Copy out the data exactly as it appears, without a single image.

◆ **DATA EXCERPT**
--------
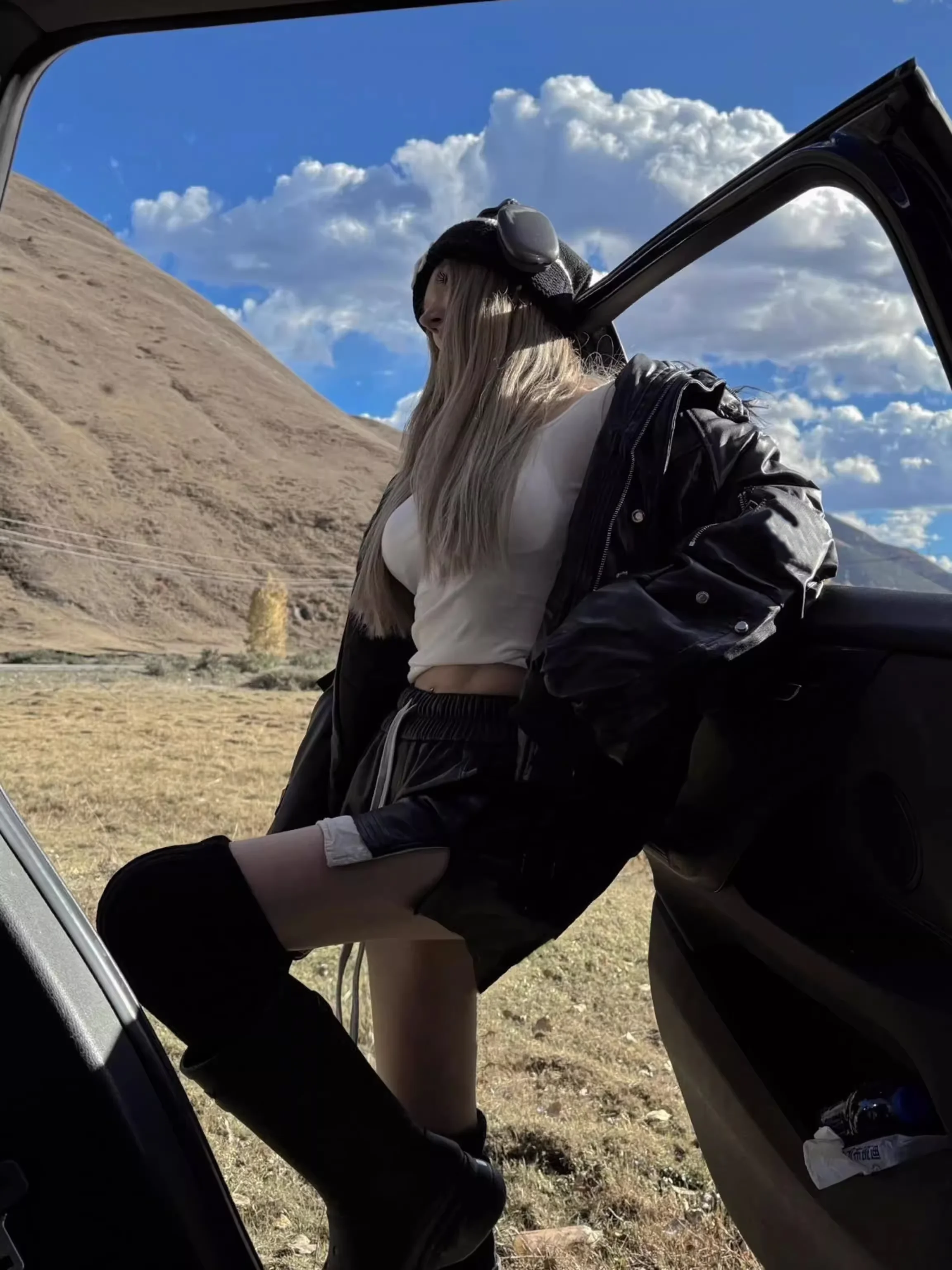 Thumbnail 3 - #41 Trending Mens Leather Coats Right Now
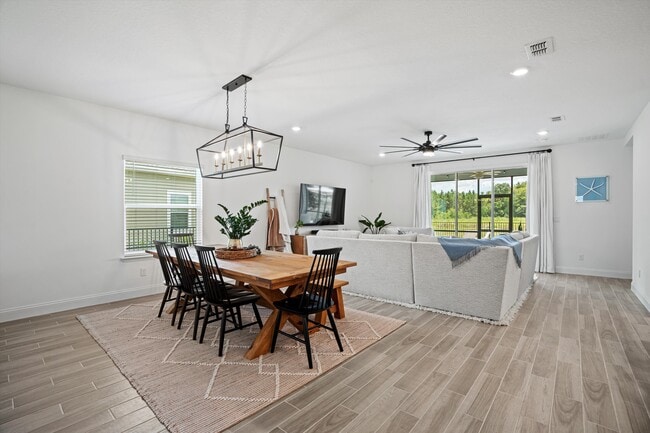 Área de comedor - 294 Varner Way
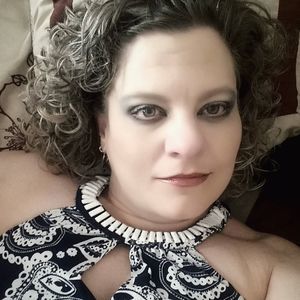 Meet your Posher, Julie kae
--------
◆ **EXERCISE ANSWER**
 Thumbnail 3 - #41 Trending Mens Leather Coats Right Now
 Área de comedor - 294 Varner Way
 Meet your Posher, Julie kae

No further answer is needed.